3. Results and Discussion

3.1. solid waste management practices in the global south.

Global municipal solid waste (MSW) generation rose from 1.3 billion tons in 2012 to 2.1 billion tons (0.74 kg/capita/day) as of 2016, which by 2050 is expected to increase by 70% to reach a total of 3.40 billion tons or 1.42 kg/capita/day [ 19 ]. The per capita MSW generation varies among regions and countries.

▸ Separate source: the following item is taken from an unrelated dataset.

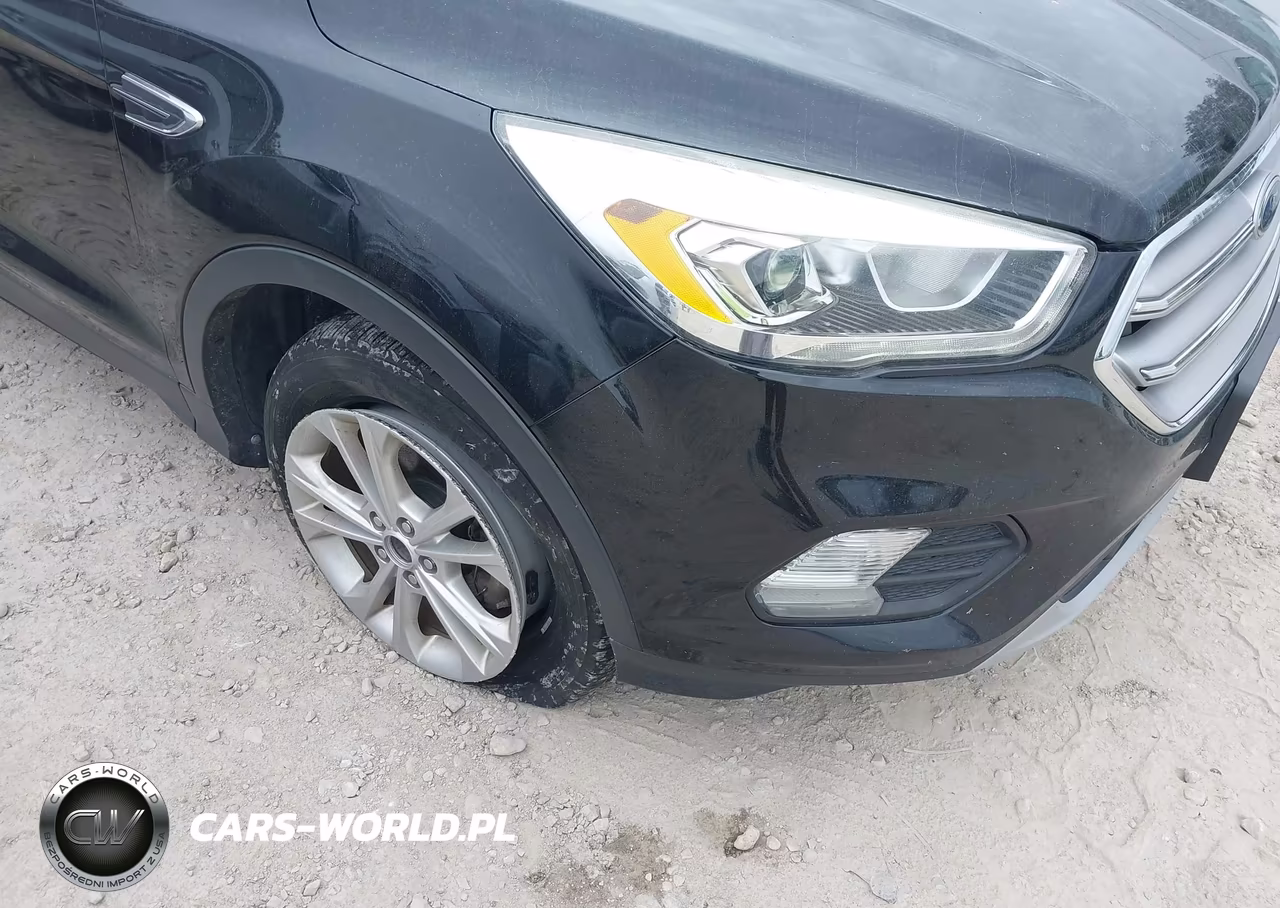 2017 Ford Escape Se VIN:1FMCU0GD4HUD38107 - 6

In the EU (European Union), it ranges from 0.3–1.4 kg/capita/day [ 20 ], and in some African cities, the average is 0.78 kg/capita/day [ 21 ]. In Asia, urban areas generate about 760,000 tons of MSW per day, which is expected to increase to 1.8 million tons per day or 26% of the world’s total by 2025, despite the continent housing 53% of the world’s population [ 22 , 23 ]. In China, the total MSW generation was around 212 million tons (0.98 kg/capita/day) in 2006, out of which 91.4%, 6.4%, and 2.2% were disposed of via landfilling, incineration, and composting [ 24 ]. In 2010, only 660 Chinese cities produced about 190 million tons of MSW, accounting for 29% of the world’s total, while the total amount of solid waste in China could reach at least 480 million tons in 2030 [ 25 ]. In China, industrial waste (more than one billion tons) was five times the amount of MSW generated in 2002, which is expected to generate approximately twice as much MSW as the USA, while India will overtake the USA in MSW generation by 2030 [ 26 ].

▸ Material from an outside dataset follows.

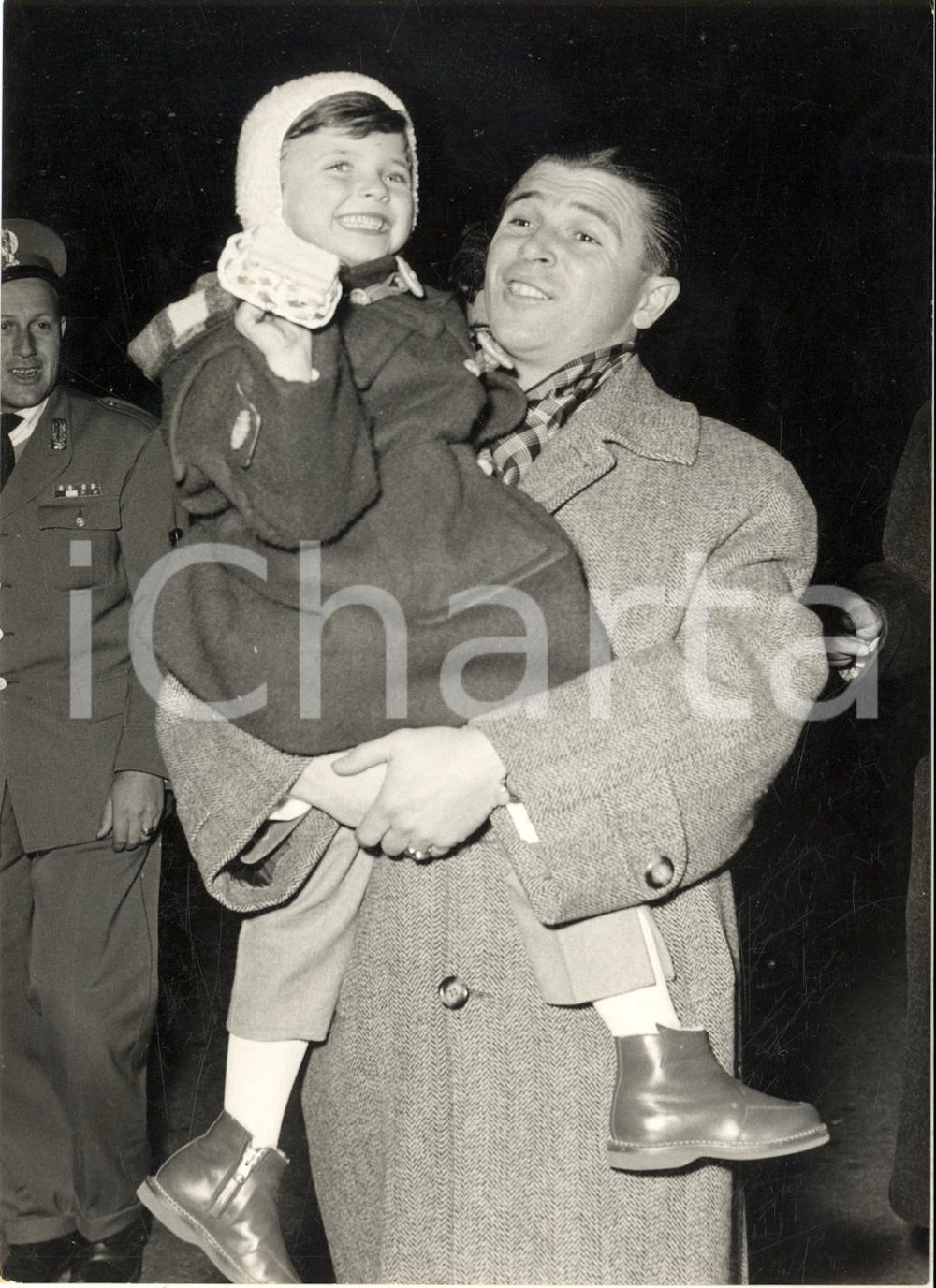 1956 MILANO CALCIO Arrivo di Ferenc PUSKAS con la figlia per INTER-HONVED *Foto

In Malaysia, while the average rate of MSW generation was about 0.5–0.8 kg/person/day, Kuala Lumpur’s daily per capita generation rate was 1.62 kg in 2008 [ 27 ], which is expected to reach 2.23 kg in 2024 [ 28 ]. About 64% of Malaysia’s waste consists of household and office waste, 25% industrial waste, 8% commercial waste, and 3% construction waste [ 29 ]. In Sri Lanka, the assessed mean waste generation in 1999 was 6500 tons/day or 0.89 kg/cap/day, which is estimated to reach 1.0 kg/cap/day by 2025 [ 30 ]. With a 1.2% population growth rate, the total MSW generation in 2009 was approximately 7250 tons/day [ 31 ]. In Ghana, the solid waste generation rate was 0.47 kg/person/day, or about 12,710 tons per annum, consisting of biodegradable waste (0.318), non-biodegradable (0.096), and inert and miscellaneous waste (0.055) kg/person/day, respectively [ 32 ].

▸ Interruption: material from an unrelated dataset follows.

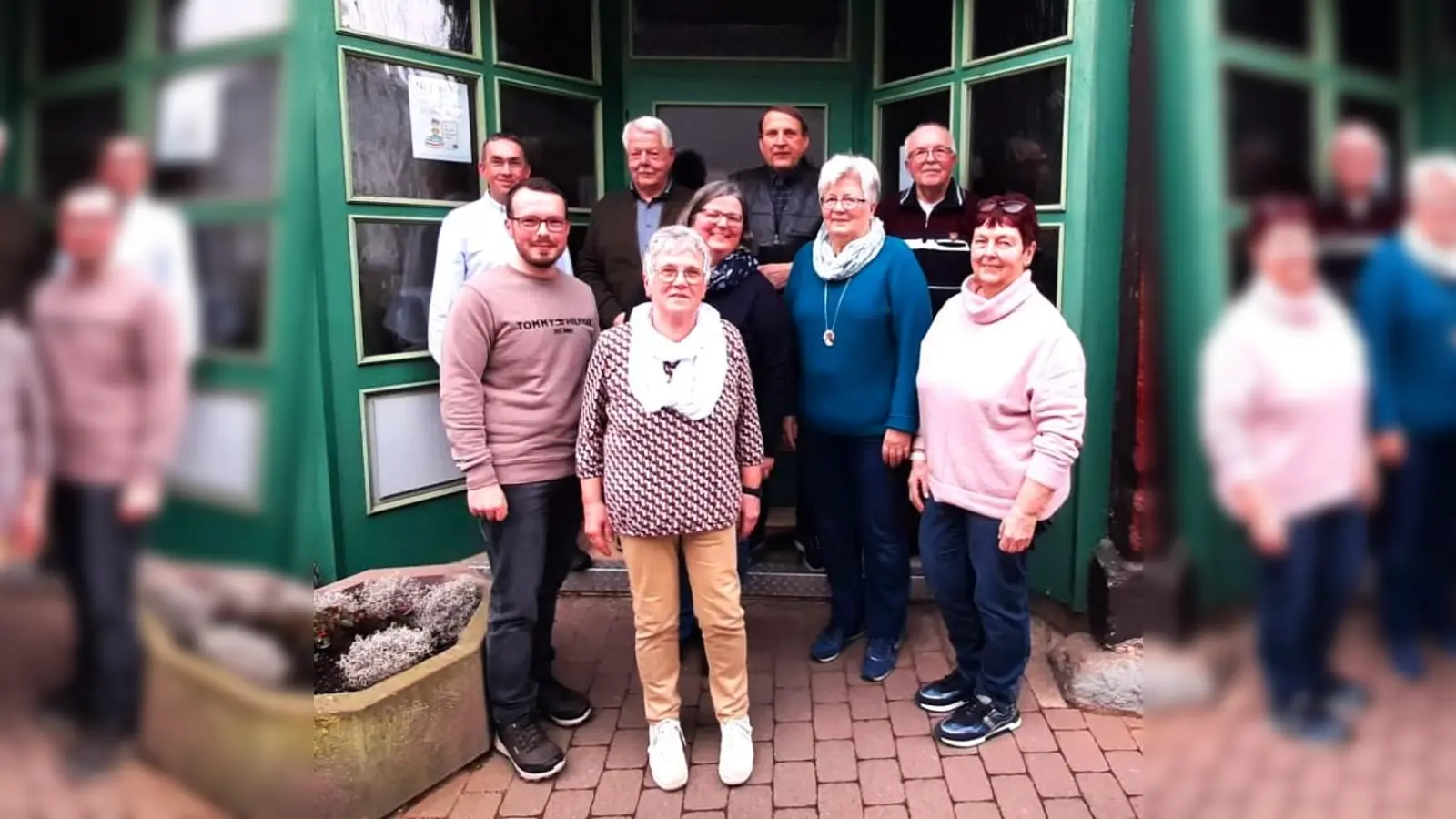 hinten v.l.: BM Markus Dittrich, Ulrich Schachtschneider, Detlef Schiweck, Willi Steinbrecher, Mitte v.l.: Niklas Eckermanns, Dr. Kirsten Groppe, Heike Schachtschneider, Annedore Steinbrecher, vorn: Susanne Rogasch (Foto: Dr. Kirsten Groppe)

Moreover, global SWM costs are anticipated to increase to about $375.5 billion in 2025, with more than four-fold increases in lower- to middle-income countries and five-fold increases in low-income countries [ 33 ]. Globally, garbage collection, transportation, and disposal pose a major cost component in SWM systems [ 19 ]. Inadequate funding militates against the optimization of MSW disposal services. Table 1 compares the everyday SWM practices in low-, middle- and high-income countries according to major waste management steps. The literature indicates that waste generation rates and practices depend on the culture, socioeconomic status, population density, and level of commercial and industrial activities of a city or region.

Common MSW management practices by country’s level of economic development (adapted from [ 34 ]).

3.2. Environmental and Public Health Impacts of SWM Practices in the Global South

• (a)  Weak and Inadequate SWM System

Many problems in the cities of the global South are often associated with a weak or inadequate SWM system, which leads to severe direct and indirect environmental and public health issues at every stage of waste collection, handling, treatment, and disposal [ 30 , 31 , 32 , 33 , 34 ]. Inadequate and weak SWM results in indiscriminate dumping of waste on the streets, open spaces, and water bodies. Such practices were observed in, for example, Pakistan [ 35 , 36 ], India [ 37 ], Nepal [ 38 ], Peru [ 39 ], Guatemala [ 40 ], Brazil [ 41 ], Kenya [ 42 ], Rwanda [ 43 ], South Africa [ 44 , 45 ], Nigeria [ 46 ], Zimbabwe [ 47 ], etc.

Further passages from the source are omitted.